On 10/21/2013 05:26 AM, Vlastimil Babka wrote:
On 10/10/2013 11:46 PM, Johannes Weiner wrote:
Hi everyone,
here is an update to the cache sizing patches for 3.13.
Changes in this revision
o Drop frequency synchronization between refaulted and demoted pages
and just straight up activate refaulting pages whose access
frequency indicates they could stay in memory. This was suggested
by Rik van Riel a looong time ago but misinterpretation of test
results during early stages of development took me a while to
overcome. It's still the same overall concept, but a little simpler
and with even faster cache adaptation. Yay!
Oh, I liked the previous approach with direct competition between the
refaulted and demoted page :) Doesn't the new approach favor the
refaulted page too much? No wonder it leads to faster cache adaptation,
but could it also cause degradations for workloads that don't benefit
from it?
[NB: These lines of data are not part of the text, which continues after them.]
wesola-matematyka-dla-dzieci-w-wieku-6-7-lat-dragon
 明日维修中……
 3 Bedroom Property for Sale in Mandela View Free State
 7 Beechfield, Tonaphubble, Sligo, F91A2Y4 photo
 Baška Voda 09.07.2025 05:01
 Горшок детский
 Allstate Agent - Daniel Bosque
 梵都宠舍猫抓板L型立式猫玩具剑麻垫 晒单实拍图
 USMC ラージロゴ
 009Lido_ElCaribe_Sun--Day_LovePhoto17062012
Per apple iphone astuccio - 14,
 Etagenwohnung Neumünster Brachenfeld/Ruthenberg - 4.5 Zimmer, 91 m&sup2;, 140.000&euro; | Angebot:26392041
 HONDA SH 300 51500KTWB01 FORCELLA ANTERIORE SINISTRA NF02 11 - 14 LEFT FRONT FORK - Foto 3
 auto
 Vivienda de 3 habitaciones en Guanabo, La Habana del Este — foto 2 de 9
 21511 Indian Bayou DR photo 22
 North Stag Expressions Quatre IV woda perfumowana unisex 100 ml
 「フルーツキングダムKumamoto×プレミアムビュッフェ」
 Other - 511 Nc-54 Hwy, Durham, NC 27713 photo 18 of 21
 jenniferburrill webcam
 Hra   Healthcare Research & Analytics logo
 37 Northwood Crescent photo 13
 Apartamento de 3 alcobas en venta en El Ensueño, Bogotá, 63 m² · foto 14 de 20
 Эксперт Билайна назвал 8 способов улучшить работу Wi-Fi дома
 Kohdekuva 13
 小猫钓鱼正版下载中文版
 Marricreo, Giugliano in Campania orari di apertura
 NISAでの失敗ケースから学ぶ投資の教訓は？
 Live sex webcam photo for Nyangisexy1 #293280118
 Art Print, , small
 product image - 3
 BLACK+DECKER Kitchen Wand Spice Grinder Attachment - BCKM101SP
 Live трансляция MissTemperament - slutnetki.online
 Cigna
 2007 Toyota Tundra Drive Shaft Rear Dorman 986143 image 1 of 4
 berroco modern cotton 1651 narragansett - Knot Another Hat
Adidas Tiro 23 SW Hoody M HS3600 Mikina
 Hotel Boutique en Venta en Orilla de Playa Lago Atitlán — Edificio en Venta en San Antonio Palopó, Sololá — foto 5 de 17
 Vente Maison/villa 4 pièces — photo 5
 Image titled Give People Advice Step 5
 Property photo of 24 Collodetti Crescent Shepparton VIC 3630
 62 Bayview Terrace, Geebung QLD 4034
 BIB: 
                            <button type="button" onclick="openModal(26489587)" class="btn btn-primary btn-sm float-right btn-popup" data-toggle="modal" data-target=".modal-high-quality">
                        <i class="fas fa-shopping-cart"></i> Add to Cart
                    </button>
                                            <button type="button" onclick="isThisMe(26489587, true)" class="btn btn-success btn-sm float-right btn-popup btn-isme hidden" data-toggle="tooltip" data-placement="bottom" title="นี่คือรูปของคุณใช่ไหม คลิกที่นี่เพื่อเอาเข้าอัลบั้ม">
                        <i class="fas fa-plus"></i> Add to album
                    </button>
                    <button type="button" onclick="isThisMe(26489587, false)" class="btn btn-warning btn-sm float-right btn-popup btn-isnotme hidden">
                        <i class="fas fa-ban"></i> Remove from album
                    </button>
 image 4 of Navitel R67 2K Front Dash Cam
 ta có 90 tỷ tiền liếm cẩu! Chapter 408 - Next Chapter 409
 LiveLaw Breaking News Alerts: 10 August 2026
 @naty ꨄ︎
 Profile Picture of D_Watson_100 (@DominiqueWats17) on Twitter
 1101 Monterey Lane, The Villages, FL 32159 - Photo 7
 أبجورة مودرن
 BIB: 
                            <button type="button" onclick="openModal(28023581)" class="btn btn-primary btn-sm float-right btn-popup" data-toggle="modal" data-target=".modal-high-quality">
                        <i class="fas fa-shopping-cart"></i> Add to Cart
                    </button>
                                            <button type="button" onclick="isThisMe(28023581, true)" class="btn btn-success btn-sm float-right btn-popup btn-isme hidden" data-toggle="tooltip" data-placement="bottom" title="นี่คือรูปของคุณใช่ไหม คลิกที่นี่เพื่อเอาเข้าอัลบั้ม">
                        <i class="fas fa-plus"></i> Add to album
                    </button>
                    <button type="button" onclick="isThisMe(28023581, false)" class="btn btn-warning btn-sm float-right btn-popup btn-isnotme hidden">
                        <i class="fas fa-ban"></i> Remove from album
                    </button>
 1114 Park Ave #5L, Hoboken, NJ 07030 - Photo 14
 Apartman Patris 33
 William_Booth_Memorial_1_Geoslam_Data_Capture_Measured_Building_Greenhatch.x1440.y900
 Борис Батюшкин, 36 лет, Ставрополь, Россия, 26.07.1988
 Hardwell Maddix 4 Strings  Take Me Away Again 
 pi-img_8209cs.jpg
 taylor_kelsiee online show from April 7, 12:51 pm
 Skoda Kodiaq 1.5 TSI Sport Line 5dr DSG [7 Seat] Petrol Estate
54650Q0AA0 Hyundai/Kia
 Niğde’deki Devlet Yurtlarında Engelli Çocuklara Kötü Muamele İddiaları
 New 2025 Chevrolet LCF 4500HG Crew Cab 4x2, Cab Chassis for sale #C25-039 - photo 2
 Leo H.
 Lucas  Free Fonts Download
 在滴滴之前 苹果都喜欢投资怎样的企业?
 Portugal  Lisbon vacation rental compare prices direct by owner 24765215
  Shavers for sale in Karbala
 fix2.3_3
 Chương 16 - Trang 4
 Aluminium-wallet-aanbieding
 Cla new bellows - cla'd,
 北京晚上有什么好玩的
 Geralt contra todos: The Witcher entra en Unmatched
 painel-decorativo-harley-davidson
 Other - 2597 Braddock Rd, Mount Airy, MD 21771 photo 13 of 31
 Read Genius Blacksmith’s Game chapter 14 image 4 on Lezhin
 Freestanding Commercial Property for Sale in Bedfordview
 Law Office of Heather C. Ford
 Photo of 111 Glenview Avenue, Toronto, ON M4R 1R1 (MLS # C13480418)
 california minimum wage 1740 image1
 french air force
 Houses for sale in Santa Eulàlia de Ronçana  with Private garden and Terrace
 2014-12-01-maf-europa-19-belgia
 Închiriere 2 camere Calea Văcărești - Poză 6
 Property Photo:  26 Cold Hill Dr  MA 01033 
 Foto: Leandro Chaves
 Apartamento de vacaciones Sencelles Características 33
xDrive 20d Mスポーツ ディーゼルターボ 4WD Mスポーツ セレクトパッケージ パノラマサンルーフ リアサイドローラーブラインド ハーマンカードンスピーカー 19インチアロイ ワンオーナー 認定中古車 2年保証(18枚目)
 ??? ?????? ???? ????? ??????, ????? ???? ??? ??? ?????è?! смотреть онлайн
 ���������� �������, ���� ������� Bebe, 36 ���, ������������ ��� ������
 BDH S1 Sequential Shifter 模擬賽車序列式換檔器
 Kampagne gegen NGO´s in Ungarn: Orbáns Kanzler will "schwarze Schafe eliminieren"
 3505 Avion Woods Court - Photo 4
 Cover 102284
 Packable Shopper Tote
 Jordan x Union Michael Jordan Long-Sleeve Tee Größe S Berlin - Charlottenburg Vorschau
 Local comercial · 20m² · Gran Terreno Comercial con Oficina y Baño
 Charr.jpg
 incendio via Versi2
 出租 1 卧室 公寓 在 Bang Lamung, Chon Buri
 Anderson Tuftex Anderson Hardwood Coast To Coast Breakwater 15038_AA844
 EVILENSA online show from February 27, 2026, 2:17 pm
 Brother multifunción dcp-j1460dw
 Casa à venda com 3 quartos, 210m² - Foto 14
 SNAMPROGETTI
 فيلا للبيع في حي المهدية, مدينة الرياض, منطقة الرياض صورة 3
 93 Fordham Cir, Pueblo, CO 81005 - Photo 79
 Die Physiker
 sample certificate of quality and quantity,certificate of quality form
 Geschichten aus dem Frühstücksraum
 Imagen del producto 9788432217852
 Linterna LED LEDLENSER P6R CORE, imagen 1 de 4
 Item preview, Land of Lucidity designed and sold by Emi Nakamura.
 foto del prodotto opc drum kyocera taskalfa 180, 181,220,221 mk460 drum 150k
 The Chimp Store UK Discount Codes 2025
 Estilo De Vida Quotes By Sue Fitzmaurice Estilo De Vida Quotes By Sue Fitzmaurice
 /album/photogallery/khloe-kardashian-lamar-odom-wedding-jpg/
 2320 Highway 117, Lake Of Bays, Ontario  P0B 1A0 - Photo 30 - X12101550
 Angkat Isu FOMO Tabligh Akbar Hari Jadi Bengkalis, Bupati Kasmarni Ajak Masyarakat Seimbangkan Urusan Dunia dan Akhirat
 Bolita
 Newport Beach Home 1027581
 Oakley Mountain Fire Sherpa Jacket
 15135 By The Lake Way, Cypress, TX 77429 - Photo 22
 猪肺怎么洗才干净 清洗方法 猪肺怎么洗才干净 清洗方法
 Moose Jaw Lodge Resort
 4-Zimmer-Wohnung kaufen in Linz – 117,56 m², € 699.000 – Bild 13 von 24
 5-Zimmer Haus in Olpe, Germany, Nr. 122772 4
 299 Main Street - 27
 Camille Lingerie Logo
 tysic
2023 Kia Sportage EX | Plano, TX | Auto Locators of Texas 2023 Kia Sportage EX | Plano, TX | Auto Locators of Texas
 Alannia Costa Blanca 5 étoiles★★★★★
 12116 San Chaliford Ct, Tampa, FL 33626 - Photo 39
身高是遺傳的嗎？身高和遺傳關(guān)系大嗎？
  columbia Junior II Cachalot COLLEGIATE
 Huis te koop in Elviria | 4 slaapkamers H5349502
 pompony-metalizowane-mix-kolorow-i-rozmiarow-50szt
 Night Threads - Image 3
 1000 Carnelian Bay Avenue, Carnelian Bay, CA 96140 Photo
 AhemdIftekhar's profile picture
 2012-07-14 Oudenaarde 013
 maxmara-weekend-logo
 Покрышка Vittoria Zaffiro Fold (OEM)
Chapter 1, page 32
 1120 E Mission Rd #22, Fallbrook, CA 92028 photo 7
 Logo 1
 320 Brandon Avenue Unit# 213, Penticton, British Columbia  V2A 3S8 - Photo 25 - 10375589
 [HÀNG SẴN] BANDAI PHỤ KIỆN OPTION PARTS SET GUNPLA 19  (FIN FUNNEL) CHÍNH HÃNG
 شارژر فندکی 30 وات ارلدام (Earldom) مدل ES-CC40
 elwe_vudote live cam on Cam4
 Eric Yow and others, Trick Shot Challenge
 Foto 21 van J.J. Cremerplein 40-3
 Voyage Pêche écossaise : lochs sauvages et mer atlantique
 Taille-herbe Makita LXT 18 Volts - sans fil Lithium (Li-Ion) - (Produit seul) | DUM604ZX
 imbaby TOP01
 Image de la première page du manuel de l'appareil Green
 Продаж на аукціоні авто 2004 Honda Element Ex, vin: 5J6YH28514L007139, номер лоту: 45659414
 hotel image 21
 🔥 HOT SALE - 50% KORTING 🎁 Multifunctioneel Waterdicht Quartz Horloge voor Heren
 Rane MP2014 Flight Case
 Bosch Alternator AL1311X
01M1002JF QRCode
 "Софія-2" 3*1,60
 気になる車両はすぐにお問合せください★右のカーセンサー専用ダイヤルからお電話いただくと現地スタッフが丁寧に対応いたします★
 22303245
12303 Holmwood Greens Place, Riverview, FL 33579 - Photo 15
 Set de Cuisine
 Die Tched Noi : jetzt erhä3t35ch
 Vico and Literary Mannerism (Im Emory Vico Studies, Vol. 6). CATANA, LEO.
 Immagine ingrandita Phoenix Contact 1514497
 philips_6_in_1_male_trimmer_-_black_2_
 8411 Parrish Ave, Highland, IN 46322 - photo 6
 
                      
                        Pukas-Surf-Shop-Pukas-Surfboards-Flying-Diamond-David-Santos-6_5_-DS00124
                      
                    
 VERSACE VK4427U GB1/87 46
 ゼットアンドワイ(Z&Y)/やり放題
Were there any tests for performance regressions on workloads
that were not the target of the patchset?
This is a good question, and one that is probably
best settled through experimentation.
Even with the first scheme (fault refaulted page to
the inactive list), those pages only need 2 accesses
to be promoted to the active list.
That is because a refault tends to immediately be
followed by an access (after all, the attempted
access causes the page to get loaded back into memory).